Waning Hate Campaign Stains Chinese New Year Celebration in New York

Epoch Times

By Petr Svab, Epoch Times | February 21, 2015

[Photo caption: Members of the Chinese Anti-Cult World Alliance group at the Chinese New Year parade in Flushing, New York, on Feb. 21, 2015. (Petr Svab/Epoch Times)]

FLUSHING, NY—It was a merry day for the 500,000 Chinese in Queens, NY, celebrating the Chinese New Year with an annual parade through the streets of Flushing. Lion and dragon dancers exchanged smiles with thousands in attendance, stirring a hot pot of good feelings befitting the traditional holiday of family reunification.

Spectators seemed quite unsure how to react to one group, though.

It was the Chinese Anti-Cult World Alliance, a non-profit set up in the United States with the sole purpose of defaming a spiritual group that, not by a coincidence, puts together a major part of the New Year parade.

The spiritual group in question is Falun Gong and has been part of the parade for about a decade. With a 100-strong marching band, dancers in traditional costumes, a waist drummers’ contingent, and a multitude of banners and floats, it is the largest and most sophisticated part of the parade.

That doesn’t sit well with some people. But to understand why, we need to go surprisingly far back and explore a phenomenon playing a major role in China today.

Falun Gong was introduced in China in early 1990s. Teaching slow-moving exercises, meditation, and the principles of truthfulness, compassion, and tolerance, it spread rapidly. By the end of the 1990s the Chinese regime estimated 70–100 million practiced Falun Gong.

With ever more people picking up Falun Gong, including in the higher echelons of the Chinese Communist Party and even in its military, some top leaders felt a major part of the Party’s mechanism for maintaining power was at risk–control over how the Chinese people think.

In 1999 then-Party leader Jiang Zemin made a speech accusing Falun Gong of “competing with the Party for the masses” and on July 20 launched a large-scale Maoist-style campaign to “eradicate” Falun Gong.

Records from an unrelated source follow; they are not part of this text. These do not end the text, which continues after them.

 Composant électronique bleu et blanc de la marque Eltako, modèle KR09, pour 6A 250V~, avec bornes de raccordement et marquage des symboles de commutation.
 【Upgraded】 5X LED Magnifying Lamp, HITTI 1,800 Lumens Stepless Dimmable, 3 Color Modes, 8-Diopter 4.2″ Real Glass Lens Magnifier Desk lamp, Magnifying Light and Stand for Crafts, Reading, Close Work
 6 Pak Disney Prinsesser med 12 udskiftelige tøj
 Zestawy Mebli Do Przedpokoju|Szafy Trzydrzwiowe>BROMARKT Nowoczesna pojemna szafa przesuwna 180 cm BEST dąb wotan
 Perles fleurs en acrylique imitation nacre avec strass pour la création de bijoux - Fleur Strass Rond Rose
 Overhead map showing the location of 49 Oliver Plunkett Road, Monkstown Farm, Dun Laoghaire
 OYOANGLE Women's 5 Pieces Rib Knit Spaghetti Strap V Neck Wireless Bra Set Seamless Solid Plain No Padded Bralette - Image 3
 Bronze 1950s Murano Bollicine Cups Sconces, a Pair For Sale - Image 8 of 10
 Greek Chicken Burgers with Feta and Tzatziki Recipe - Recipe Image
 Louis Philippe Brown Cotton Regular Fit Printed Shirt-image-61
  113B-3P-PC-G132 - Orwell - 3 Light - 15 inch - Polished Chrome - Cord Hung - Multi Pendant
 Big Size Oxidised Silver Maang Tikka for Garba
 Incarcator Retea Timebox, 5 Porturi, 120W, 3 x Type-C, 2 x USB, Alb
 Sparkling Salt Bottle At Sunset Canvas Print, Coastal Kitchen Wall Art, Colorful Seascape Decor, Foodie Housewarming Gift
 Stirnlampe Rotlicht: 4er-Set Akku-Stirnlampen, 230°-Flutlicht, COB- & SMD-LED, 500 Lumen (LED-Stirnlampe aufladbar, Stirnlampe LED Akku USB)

He created an extra-judicial organization, the “610 Office,” responsible for carrying out that campaign through arrests, torture, and brainwashing. Over the years reports accumulated about the regime killing people arrested for practicing Falun Gong and selling their organs.

Meanwhile, another organization was created to wage the “ideological battle,” to convince the Chinese population that the suppression campaign was justified. After the persecution of Falun Gong began, almost overnight Party propaganda suddenly blamed Falun Gong for virtually every thinkable (and unthinkable) vice through press, television, radio, even school textbooks.

The organization fighting the ideological battle was the Chinese Anti-Cult Association. And that brings us back to the New York Chinese New Year Parade. As Epoch Times has previously reported, the Chinese Anti-Cult World Alliance in New York is tied to the Communist Party-controlled Chinese Anti-Cult Association in China.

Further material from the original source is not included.